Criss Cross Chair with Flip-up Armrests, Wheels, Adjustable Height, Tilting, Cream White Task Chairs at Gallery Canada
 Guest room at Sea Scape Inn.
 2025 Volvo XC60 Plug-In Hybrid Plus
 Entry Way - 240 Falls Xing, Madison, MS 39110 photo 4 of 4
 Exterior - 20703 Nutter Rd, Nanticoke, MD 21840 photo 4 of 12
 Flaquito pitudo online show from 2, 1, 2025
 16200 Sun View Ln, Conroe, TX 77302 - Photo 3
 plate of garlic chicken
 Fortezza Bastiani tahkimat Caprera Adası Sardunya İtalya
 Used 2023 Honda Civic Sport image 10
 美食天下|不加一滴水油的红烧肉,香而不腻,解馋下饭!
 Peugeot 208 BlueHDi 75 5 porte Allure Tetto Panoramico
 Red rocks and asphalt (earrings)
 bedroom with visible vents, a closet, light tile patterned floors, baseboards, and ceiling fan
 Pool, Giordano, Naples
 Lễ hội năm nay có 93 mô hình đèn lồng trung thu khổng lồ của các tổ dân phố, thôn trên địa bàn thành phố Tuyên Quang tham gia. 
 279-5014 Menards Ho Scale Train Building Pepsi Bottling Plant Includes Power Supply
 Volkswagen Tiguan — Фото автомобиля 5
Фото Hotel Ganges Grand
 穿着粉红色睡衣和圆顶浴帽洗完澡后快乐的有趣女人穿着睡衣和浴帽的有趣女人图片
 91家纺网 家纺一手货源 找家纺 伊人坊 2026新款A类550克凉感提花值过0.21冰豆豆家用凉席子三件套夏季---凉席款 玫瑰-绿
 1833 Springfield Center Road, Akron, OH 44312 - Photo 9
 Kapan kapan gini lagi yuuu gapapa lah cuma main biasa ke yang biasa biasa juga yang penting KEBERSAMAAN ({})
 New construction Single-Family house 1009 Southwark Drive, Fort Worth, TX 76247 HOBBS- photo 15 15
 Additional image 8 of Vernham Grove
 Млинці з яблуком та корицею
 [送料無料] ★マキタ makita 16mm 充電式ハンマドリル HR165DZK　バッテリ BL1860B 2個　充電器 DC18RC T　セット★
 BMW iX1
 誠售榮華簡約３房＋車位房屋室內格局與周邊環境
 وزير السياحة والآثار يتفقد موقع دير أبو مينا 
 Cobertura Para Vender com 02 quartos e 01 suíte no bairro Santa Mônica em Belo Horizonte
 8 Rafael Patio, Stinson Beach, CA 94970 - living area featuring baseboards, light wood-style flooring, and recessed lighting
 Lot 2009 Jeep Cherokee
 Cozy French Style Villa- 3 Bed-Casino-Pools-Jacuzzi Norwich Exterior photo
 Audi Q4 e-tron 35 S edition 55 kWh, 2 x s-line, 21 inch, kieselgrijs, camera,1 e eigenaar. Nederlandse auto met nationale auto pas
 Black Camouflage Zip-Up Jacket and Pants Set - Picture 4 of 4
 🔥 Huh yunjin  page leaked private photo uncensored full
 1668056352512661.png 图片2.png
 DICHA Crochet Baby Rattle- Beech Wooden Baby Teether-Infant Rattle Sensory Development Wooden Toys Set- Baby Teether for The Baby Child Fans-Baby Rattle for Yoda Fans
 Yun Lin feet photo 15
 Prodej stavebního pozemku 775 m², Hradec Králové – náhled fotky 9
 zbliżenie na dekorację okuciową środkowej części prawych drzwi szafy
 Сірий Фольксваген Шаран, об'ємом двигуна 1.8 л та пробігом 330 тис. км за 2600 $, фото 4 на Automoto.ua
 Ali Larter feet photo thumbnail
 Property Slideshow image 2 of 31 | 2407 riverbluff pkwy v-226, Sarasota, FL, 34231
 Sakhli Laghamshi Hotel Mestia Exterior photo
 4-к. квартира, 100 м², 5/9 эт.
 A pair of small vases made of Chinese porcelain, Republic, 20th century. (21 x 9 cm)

========

A complete, exact copy of the records is what is needed.

Criss Cross Chair with Flip-up Armrests, Wheels, Adjustable Height, Tilting, Cream White Task Chairs at Gallery Canada
 Guest room at Sea Scape Inn.
 2025 Volvo XC60 Plug-In Hybrid Plus
 Entry Way - 240 Falls Xing, Madison, MS 39110 photo 4 of 4
 Exterior - 20703 Nutter Rd, Nanticoke, MD 21840 photo 4 of 12
 Flaquito pitudo online show from 2, 1, 2025
 16200 Sun View Ln, Conroe, TX 77302 - Photo 3
 plate of garlic chicken
 Fortezza Bastiani tahkimat Caprera Adası Sardunya İtalya
 Used 2023 Honda Civic Sport image 10
 美食天下|不加一滴水油的红烧肉,香而不腻,解馋下饭!
 Peugeot 208 BlueHDi 75 5 porte Allure Tetto Panoramico
 Red rocks and asphalt (earrings)
 bedroom with visible vents, a closet, light tile patterned floors, baseboards, and ceiling fan
 Pool, Giordano, Naples
 Lễ hội năm nay có 93 mô hình đèn lồng trung thu khổng lồ của các tổ dân phố, thôn trên địa bàn thành phố Tuyên Quang tham gia. 
 279-5014 Menards Ho Scale Train Building Pepsi Bottling Plant Includes Power Supply
 Volkswagen Tiguan — Фото автомобиля 5
Фото Hotel Ganges Grand
 穿着粉红色睡衣和圆顶浴帽洗完澡后快乐的有趣女人穿着睡衣和浴帽的有趣女人图片
 91家纺网 家纺一手货源 找家纺 伊人坊 2026新款A类550克凉感提花值过0.21冰豆豆家用凉席子三件套夏季---凉席款 玫瑰-绿
 1833 Springfield Center Road, Akron, OH 44312 - Photo 9
 Kapan kapan gini lagi yuuu gapapa lah cuma main biasa ke yang biasa biasa juga yang penting KEBERSAMAAN ({})
 New construction Single-Family house 1009 Southwark Drive, Fort Worth, TX 76247 HOBBS- photo 15 15
 Additional image 8 of Vernham Grove
 Млинці з яблуком та корицею
 [送料無料] ★マキタ makita 16mm 充電式ハンマドリル HR165DZK　バッテリ BL1860B 2個　充電器 DC18RC T　セット★
 BMW iX1
 誠售榮華簡約３房＋車位房屋室內格局與周邊環境
 وزير السياحة والآثار يتفقد موقع دير أبو مينا 
 Cobertura Para Vender com 02 quartos e 01 suíte no bairro Santa Mônica em Belo Horizonte
 8 Rafael Patio, Stinson Beach, CA 94970 - living area featuring baseboards, light wood-style flooring, and recessed lighting
 Lot 2009 Jeep Cherokee
 Cozy French Style Villa- 3 Bed-Casino-Pools-Jacuzzi Norwich Exterior photo
 Audi Q4 e-tron 35 S edition 55 kWh, 2 x s-line, 21 inch, kieselgrijs, camera,1 e eigenaar. Nederlandse auto met nationale auto pas
 Black Camouflage Zip-Up Jacket and Pants Set - Picture 4 of 4
 🔥 Huh yunjin  page leaked private photo uncensored full
 1668056352512661.png 图片2.png
 DICHA Crochet Baby Rattle- Beech Wooden Baby Teether-Infant Rattle Sensory Development Wooden Toys Set- Baby Teether for The Baby Child Fans-Baby Rattle for Yoda Fans
 Yun Lin feet photo 15
 Prodej stavebního pozemku 775 m², Hradec Králové – náhled fotky 9
 zbliżenie na dekorację okuciową środkowej części prawych drzwi szafy
 Сірий Фольксваген Шаран, об'ємом двигуна 1.8 л та пробігом 330 тис. км за 2600 $, фото 4 на Automoto.ua
 Ali Larter feet photo thumbnail
 Property Slideshow image 2 of 31 | 2407 riverbluff pkwy v-226, Sarasota, FL, 34231
 Sakhli Laghamshi Hotel Mestia Exterior photo
 4-к. квартира, 100 м², 5/9 эт.
 A pair of small vases made of Chinese porcelain, Republic, 20th century. (21 x 9 cm)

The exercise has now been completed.